__HOW TO COMPLETE THIS TASK__. From the line containing "stapelia_variegata_tarka_dogvirag_rendjelvirag_bordo.jpg" through the last line of the entries below, print each line exactly. Pictures stay out.

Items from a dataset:
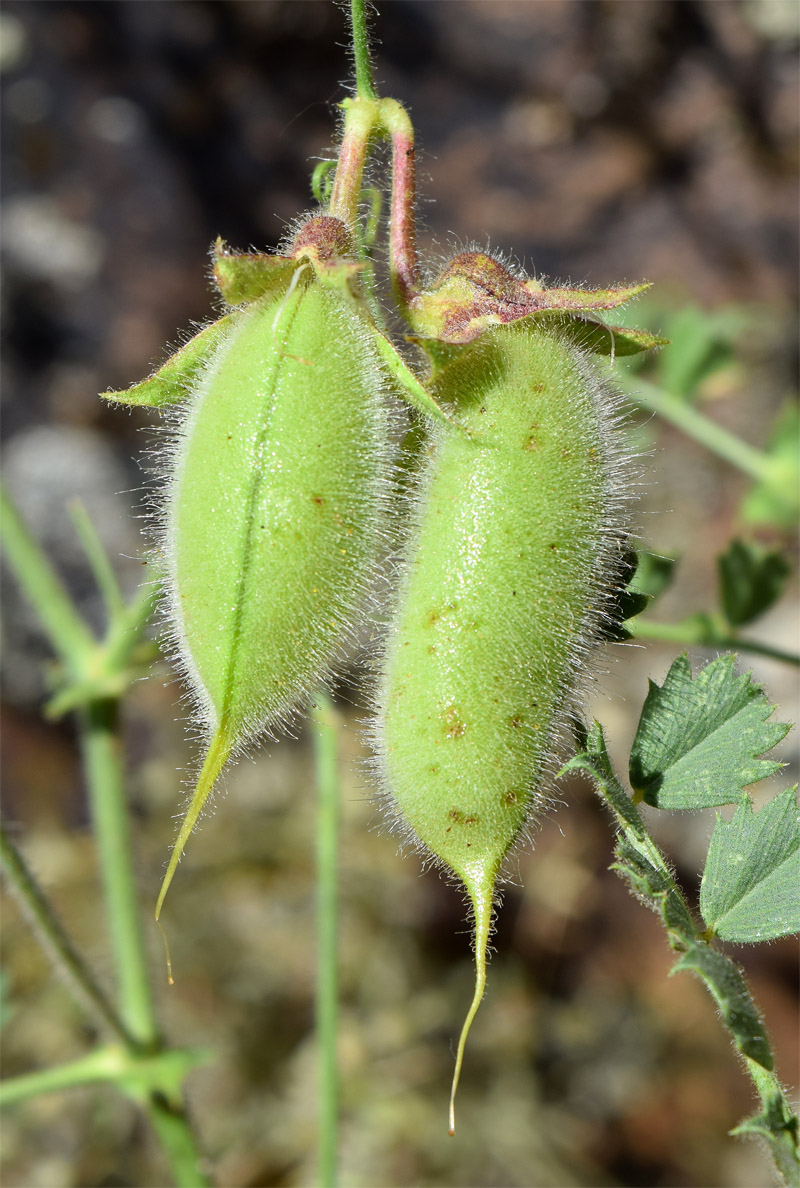 Image of Cicer songaricum specimen.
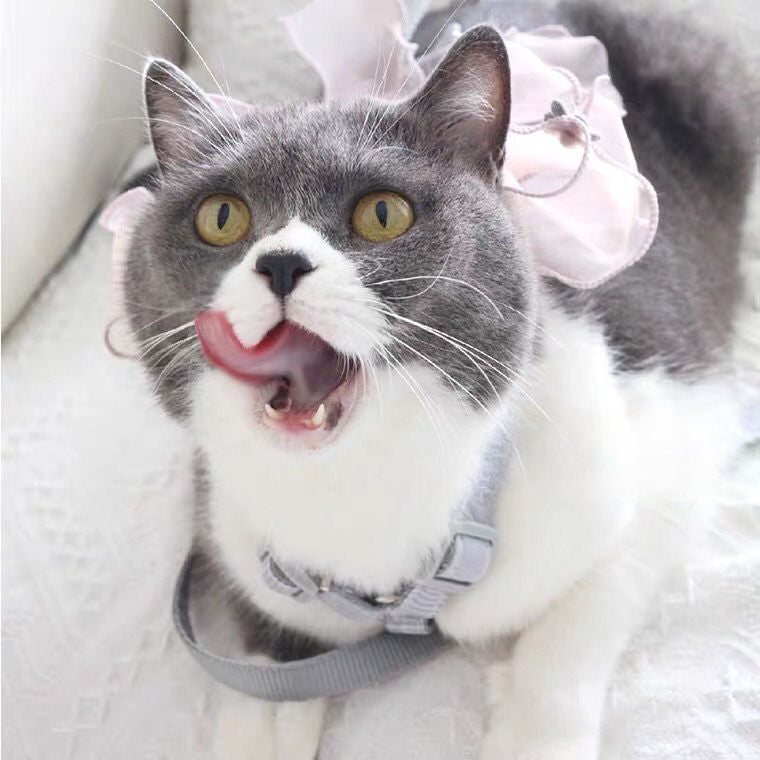 Hand-made romantic leash, bow out cat/dog breathable pet dog chain clothes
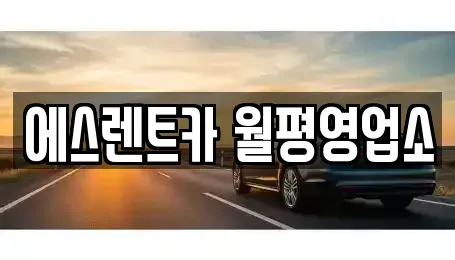 대전 서구 월평동 렌트카 전문 에스렌트카 월평영업소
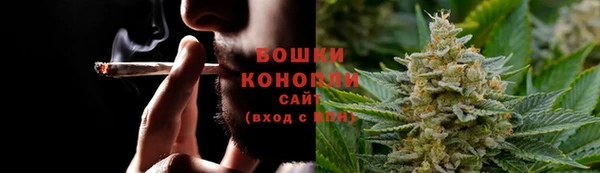 тгк Инсар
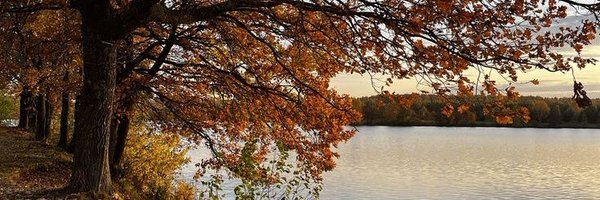 Foutrh Profile Banner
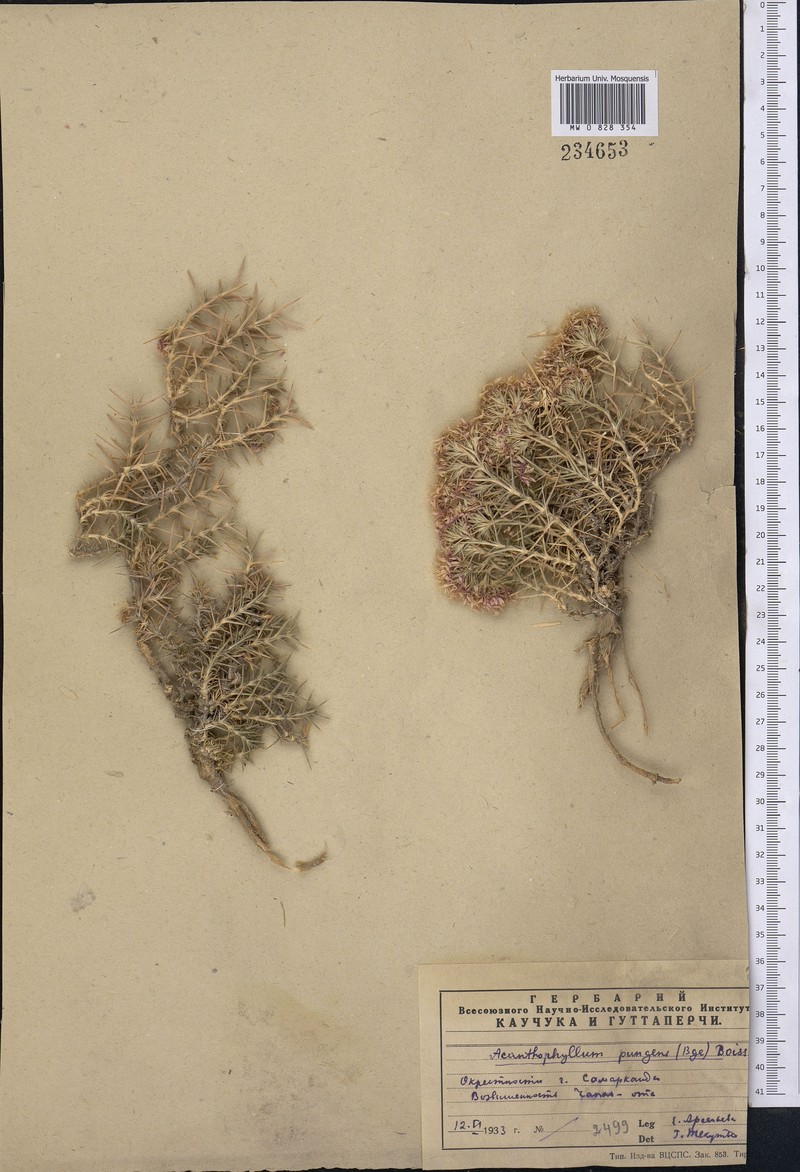 Acanthophyllum pulchrum photo 2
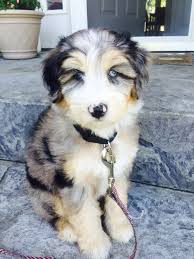 Browse aussie breeders in pa, as well as indiana, new york, ohio. Aussiedoodle 3 Australian Shepherd And Poodle Mix Booboo Fashion Cute Dogs Puppies And Kitties Dogs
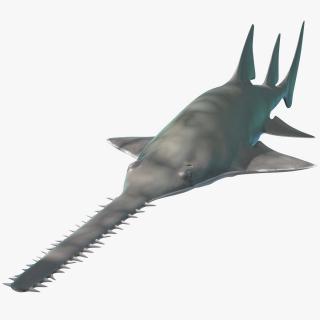 Sawfish 3D model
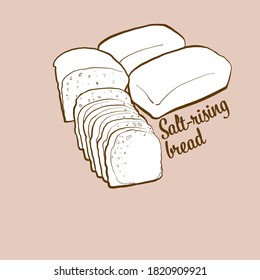 Hand-drawn Salt-rising bread bread illustration. Leavened, usually known in United States. Vector drawing series.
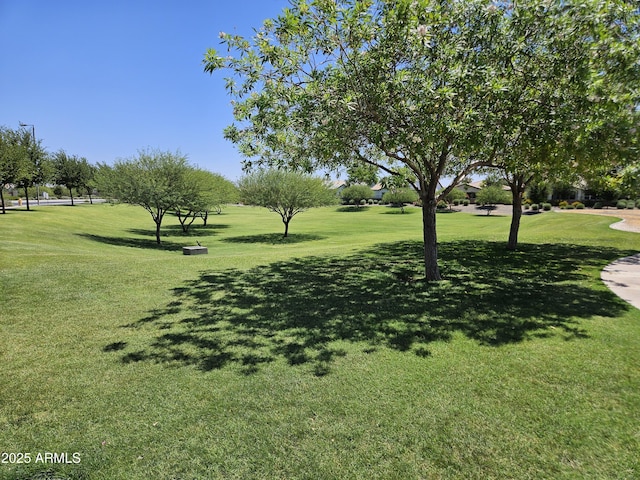18871 S 209th Way, Queen Creek, AZ 85142 - view of home's community featuring a yard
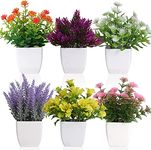 Rxinlucky 6pcs Artificial Mini Potted Flowers, Artificial Plastic Plant Greenery with Pot for Home, Office Desk Decoration(6pcs Flower)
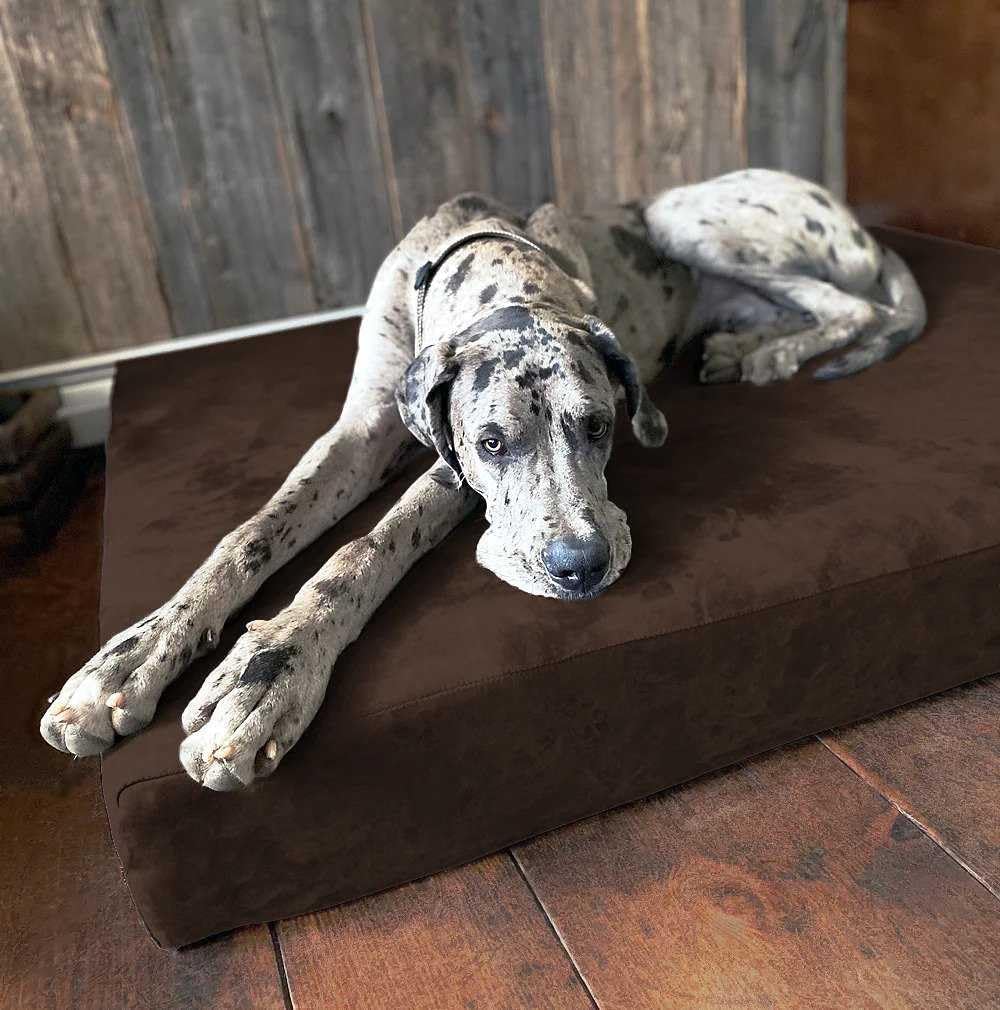 Fashion oversized dog bed (XL size, dark gray) - Thickness 7 inches, soft and comfortable, ergonomic cushion - Oversized dog bed - Durable and washable microfiber cover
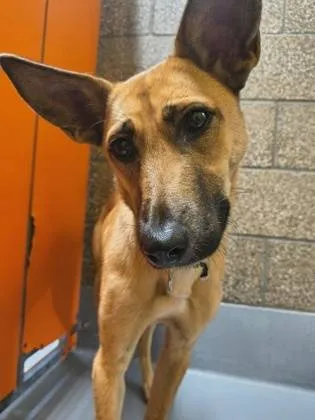 Found dog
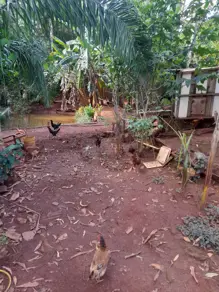 Imagem 4 - Chácara em Zona Rural, Bela Vista de Goiás - GO
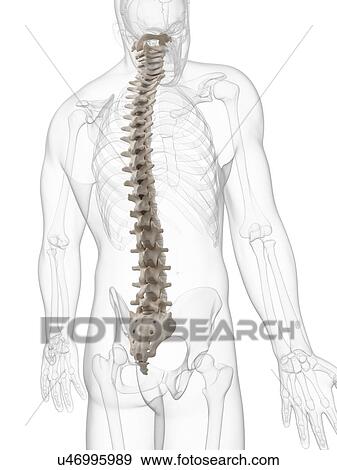 Human spine, illustration View Large Illustration Stock Illustration - Human spine, illustration. Fotosearch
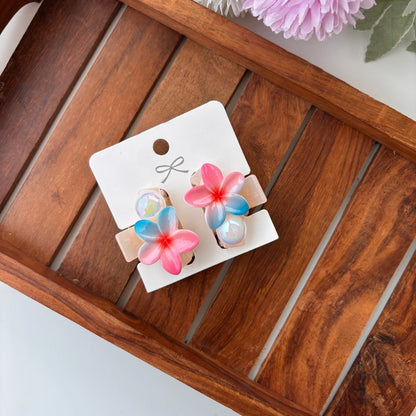 Dual Shade Lilly Hair Claw – Pack of 2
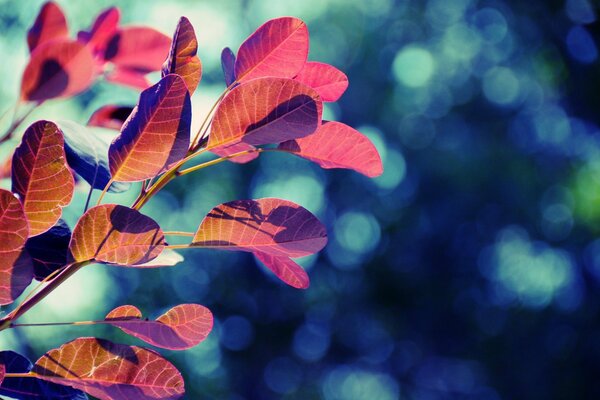 Belle foglie rosse degli alberi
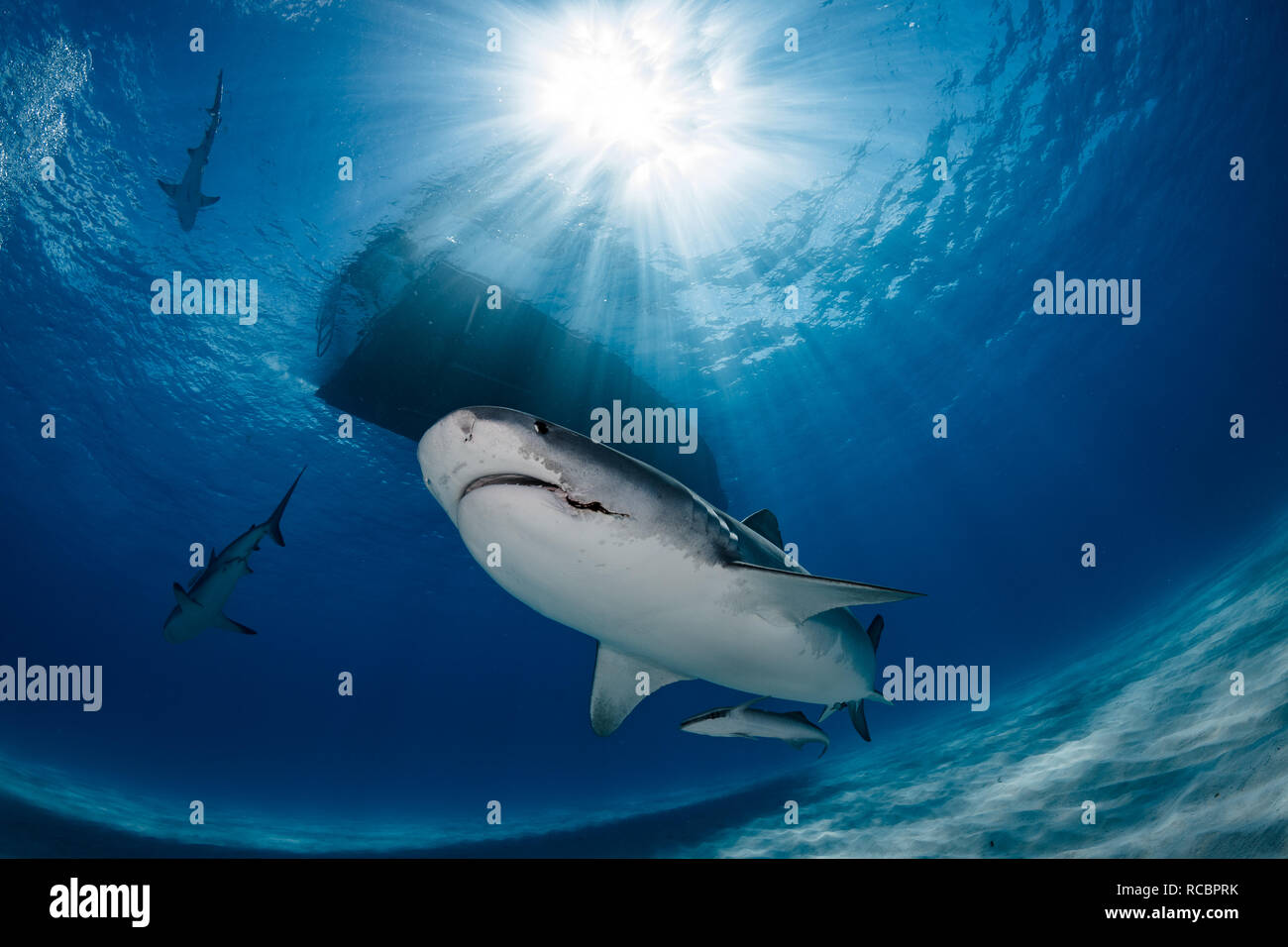 C'est Tequila, une femelle tigre de requin et résidant de longue date à Tiger Beach aux Bahamas. Banque D'Images C'est Tequila, une femelle tigre de requin et résidant de longue date à Tiger Beach aux Bahamas. Banque D'Images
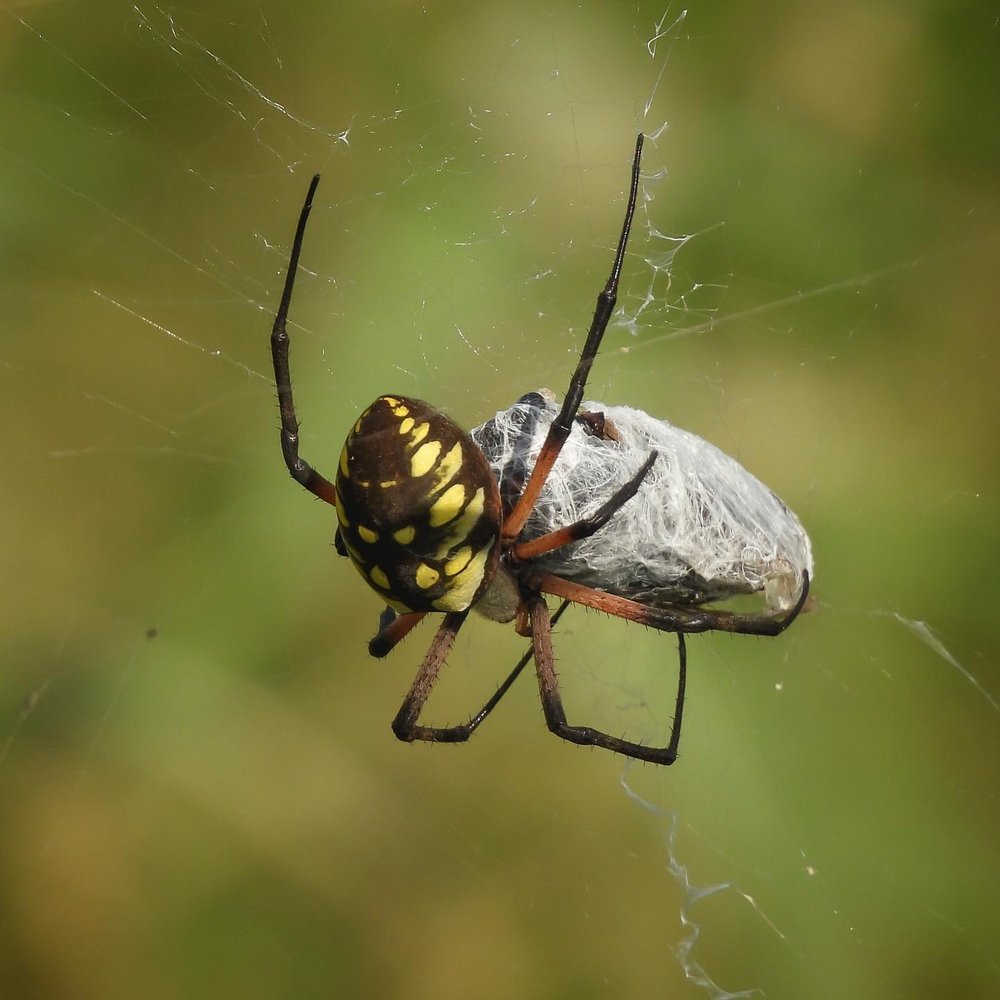 This beautiful garden spider, or zipper spider, or writing spider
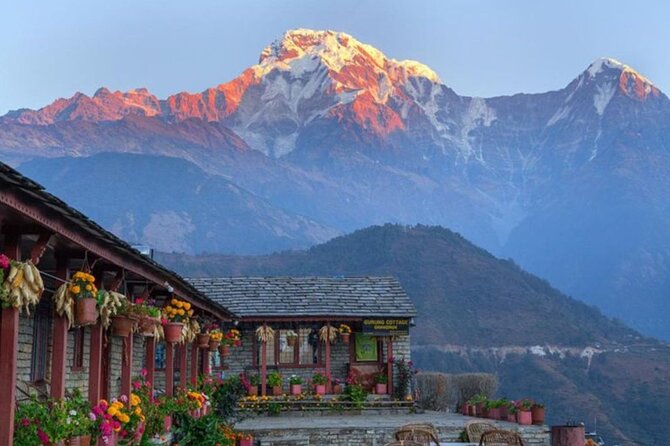 Pokhara: 4 Days Poon Hill and Ghandruk Trek - Ghorepani day: rhododendron forests and a slower kind of climb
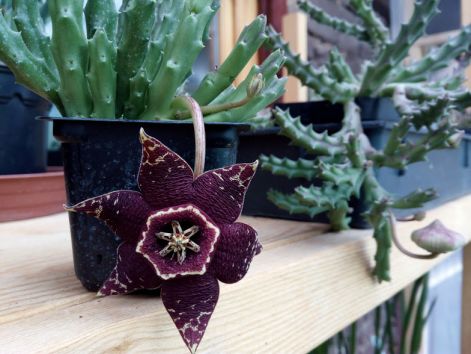stapelia_variegata_tarka_dogvirag_rendjelvirag_bordo.jpg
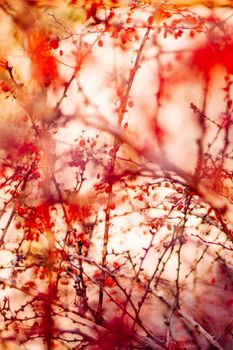 abstract autumn art - nature and environment concept, elegant visuals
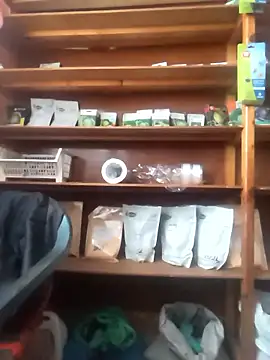 szabi1995 online show from 01/10/26, 08:09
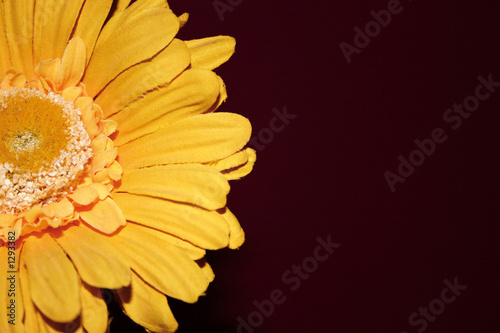 fleur artificielle jaune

__ANSWER FOR THIS EXERCISE__.
stapelia_variegata_tarka_dogvirag_rendjelvirag_bordo.jpg
 abstract autumn art - nature and environment concept, elegant visuals
 szabi1995 online show from 01/10/26, 08:09
 fleur artificielle jaune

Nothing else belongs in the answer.